Leave the pictures out and write out the rest of the listing word for word.

DATA EXCERPT: Begin

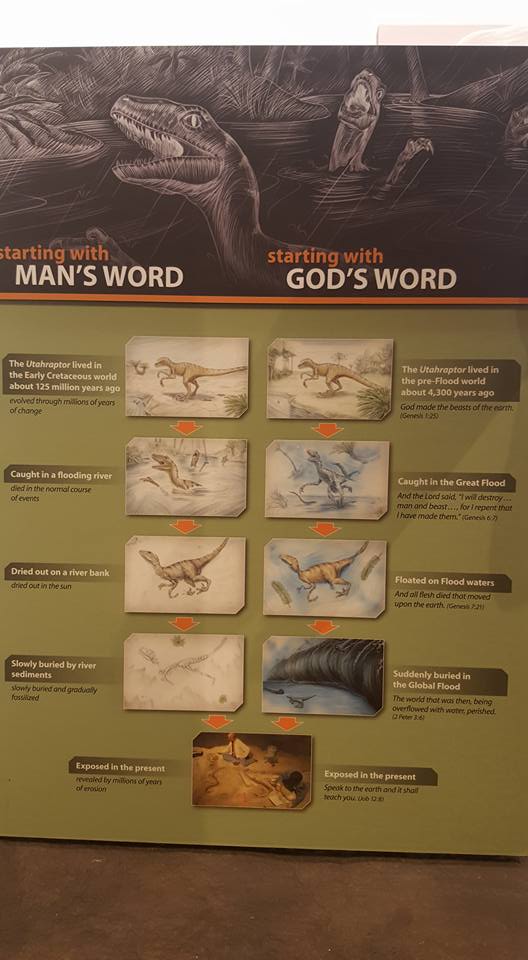 12239652_992726940749892_7885539837212886830_n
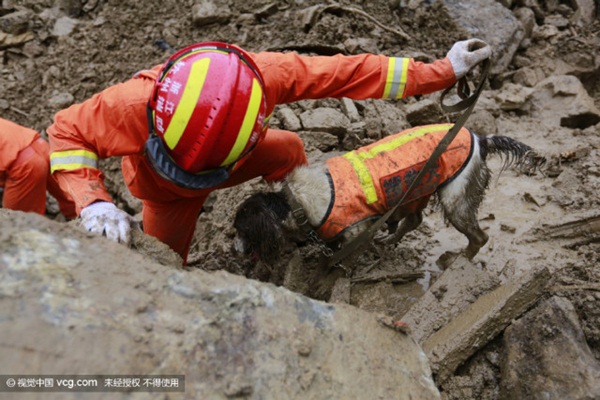 สุนัขกู้ภัย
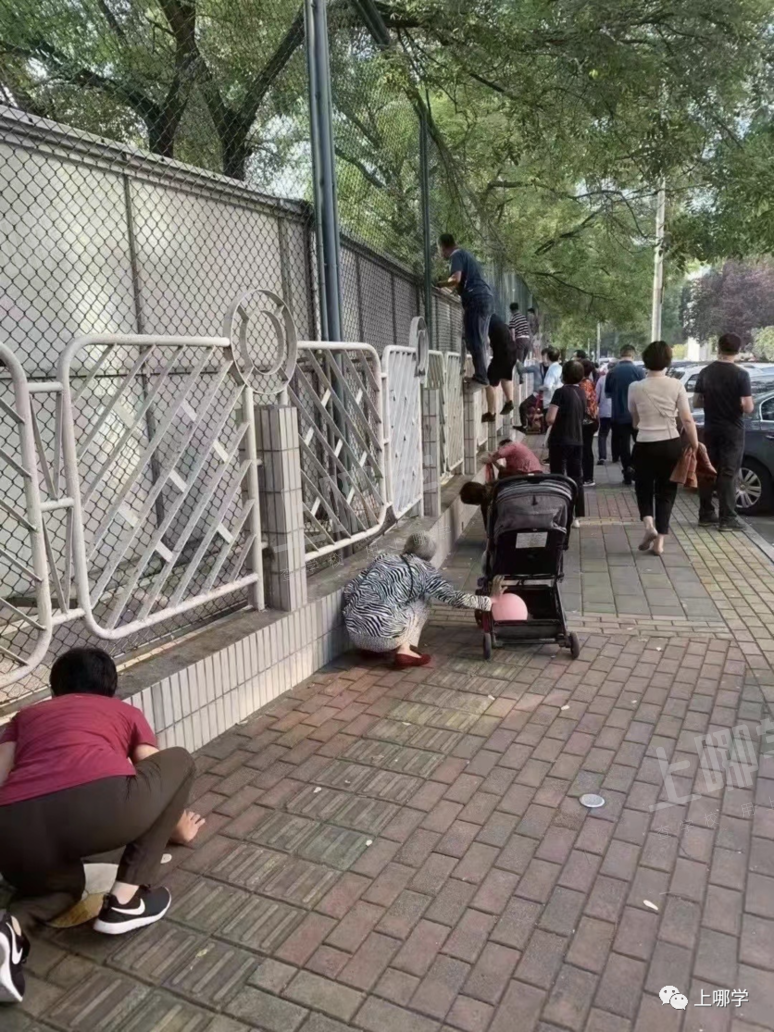“神兽”归笼，爸妈反应太真实！上海中小学生开学第一天场面有点失控！趴窗、爬墙、蹲地上......相关资料 9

DATA EXCERPT: End

== COMPLETED TASK ==
 12239652_992726940749892_7885539837212886830_n
 สุนัขกู้ภัย
“神兽”归笼，爸妈反应太真实！上海中小学生开学第一天场面有点失控！趴窗、爬墙、蹲地上......相关资料 9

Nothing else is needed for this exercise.